La copertina del romanzo ”Il potere e la gloria“ (nell’ultima edizione degli Oscar Mondadori 2009), è molto suggestiva e drammatica: è raffigurato un uomo (opera del pittore David Alfaro Siqueiros) prostrato a terra con gli occhi chiusi, le mani contratte e una espressione di intensa sofferenza impressa nel volto e nel corpo. La figura è immersa nell’oscurità e solo in parte è investita da una luce livida che scende dall’alto.
Questa compresenza di toni scuri e appena più chiari e il contrasto fortemente sottolineato delle parti in ombra e di quelle appena illuminate possono essere letti con una forte valenza simbolica riferita al contenuto del romanzo, dove luce e ombra, male e bene, peccato e grazia si intrecciano e si sovrappongono. E’ ricorrente nelle pagine del romanzo la descrizione di zone in “ombra”, e di spazi incerti e scarsamente illuminati, in cui si muovono i personaggi e si compiono le loro azioni.

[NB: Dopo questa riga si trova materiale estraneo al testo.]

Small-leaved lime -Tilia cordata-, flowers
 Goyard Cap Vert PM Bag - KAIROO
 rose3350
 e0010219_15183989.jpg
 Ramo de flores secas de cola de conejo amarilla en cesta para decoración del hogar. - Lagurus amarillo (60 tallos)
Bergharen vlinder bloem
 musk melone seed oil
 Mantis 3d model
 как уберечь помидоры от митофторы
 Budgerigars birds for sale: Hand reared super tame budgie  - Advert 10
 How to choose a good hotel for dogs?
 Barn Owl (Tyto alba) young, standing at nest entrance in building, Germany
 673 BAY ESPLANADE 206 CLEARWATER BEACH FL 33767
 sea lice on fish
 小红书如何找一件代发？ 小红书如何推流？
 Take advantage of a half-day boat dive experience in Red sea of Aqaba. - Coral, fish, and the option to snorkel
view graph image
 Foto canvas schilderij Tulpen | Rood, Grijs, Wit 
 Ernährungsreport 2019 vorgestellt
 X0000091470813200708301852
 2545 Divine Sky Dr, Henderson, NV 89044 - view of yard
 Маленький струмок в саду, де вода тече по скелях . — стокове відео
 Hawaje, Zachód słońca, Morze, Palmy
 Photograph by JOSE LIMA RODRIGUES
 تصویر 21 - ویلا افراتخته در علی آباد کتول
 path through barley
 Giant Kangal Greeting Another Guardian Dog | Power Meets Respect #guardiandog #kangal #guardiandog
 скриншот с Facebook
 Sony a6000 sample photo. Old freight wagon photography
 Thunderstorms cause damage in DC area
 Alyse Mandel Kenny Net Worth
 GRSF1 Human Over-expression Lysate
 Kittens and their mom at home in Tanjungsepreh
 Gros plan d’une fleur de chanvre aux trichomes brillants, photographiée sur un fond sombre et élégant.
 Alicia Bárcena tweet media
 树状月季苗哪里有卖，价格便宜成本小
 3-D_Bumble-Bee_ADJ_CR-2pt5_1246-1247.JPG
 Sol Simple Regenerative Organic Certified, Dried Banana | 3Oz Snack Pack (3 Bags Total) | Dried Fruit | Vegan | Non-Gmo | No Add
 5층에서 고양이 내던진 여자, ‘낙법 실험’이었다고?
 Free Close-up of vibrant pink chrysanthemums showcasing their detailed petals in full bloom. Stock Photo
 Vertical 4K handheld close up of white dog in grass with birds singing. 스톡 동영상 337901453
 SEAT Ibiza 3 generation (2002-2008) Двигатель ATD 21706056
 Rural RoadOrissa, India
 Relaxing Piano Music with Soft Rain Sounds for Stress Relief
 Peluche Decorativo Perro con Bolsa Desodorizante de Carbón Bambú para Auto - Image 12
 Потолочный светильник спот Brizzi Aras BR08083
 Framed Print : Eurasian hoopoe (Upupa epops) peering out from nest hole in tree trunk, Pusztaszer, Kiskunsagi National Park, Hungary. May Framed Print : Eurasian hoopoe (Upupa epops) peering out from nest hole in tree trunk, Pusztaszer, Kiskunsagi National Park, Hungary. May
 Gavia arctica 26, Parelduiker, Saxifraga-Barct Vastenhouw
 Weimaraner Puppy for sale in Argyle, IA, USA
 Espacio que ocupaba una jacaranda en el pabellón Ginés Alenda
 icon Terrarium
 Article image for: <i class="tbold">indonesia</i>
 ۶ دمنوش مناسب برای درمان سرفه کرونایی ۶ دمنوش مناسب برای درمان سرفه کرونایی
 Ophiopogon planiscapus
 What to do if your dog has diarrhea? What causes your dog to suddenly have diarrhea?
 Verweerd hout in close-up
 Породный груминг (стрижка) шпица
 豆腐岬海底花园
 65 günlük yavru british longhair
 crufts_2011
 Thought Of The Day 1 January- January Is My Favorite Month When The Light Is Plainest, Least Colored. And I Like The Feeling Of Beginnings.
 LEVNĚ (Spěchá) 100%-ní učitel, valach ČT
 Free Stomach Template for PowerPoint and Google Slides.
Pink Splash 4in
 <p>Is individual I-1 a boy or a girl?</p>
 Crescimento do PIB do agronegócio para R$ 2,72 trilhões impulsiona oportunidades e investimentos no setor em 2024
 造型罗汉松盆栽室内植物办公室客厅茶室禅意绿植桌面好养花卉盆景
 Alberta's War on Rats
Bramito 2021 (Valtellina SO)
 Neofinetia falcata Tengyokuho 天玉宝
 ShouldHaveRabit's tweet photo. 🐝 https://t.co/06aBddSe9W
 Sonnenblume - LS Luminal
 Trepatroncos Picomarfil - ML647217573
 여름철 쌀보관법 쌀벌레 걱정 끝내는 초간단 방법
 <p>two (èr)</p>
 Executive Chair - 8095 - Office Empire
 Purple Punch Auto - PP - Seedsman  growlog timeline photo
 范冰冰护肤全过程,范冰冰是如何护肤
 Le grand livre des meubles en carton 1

Così leggiamo: ”il protagonista se ne stava nell’ombra” (pag. 9); “aveva l’ombra scura di una barba di tre giorni” (pag. 9); il protagonista emerge nel “buio” di un granaio “dopo l’abbaglio del sole” davanti al capo della polizia (pag. 41); “al lume della candela la stanza appariva austera come la cella di una prigione” (pag. 26); “dietro la foresta la luce scoloriva e le ombre degli alberi si allungavano verso la porta” (pag. 75); “Spronò il mulo dentro la penombra di un boschetto di banani “ (pag. 97). E mentre “sul pavimento duro, i fedeli cambiavano posizione nell’ombra” (pag. 81) il protagonista parla del Paradiso ai peones di un villaggio sperduto e alla luce incerta di una candela si svolge la scena finale del romanzo.
L’intera vicenda è ambientata nel Messico, alla fine degli anni ’20 e la comparsa del protagonista avviene nelle prime pagine del romanzo senza alcuna descrizione particolare e senza l’attribuzione di un nome, quasi l’Autore volesse indicare che in lui e nella sua vicenda ogni uomo si può riconoscere.
Il “forestiero” come viene chiamato da Greene, attende sul molo il battello General Obregon diretto a Veracruz, oltre il confine del territorio controllato dalla polizia locale. Nell’attesa però viene raggiunto da un bambino che insiste per essere riaccompagnato al villaggio da sua madre che sta male e non può fare a meno di lui, “del dottore nuovo“ presente in città.
Chi assiste alla scena cerca di convincere lo sconosciuto a non ascoltarlo, poiché il battello non aspetterà, ma questi si avvia con tacita mestizia verso l’interno, dicendo: “Succede sempre così…. E’ destino che lo perda” (pag. 17) e mentre il mulo lo fa sobbalzare lungo il sentiero umido e accidentato, aggiunge in tono di preghiera: ”Fa’ che mi prendano presto… Fa’ che mi prendano”. Aveva infatti già cercato di fuggire ma si sentiva come “il re di una tribù africana, lo schiavo del suo popolo” (pag. 20).
Questo episodio e le poche parole pronunciate già anticipano le note segrete del personaggio principale la cui storia è avvolta nel mistero. Capiamo solo che da tempo egli aveva deciso di andarsene da quel paese e tante volte aveva già provato, ma senza riuscirvi, prigioniero di qualcosa che non glielo aveva mai permesso, facendolo sentire “schiavo”, a servizio “del suo popolo”.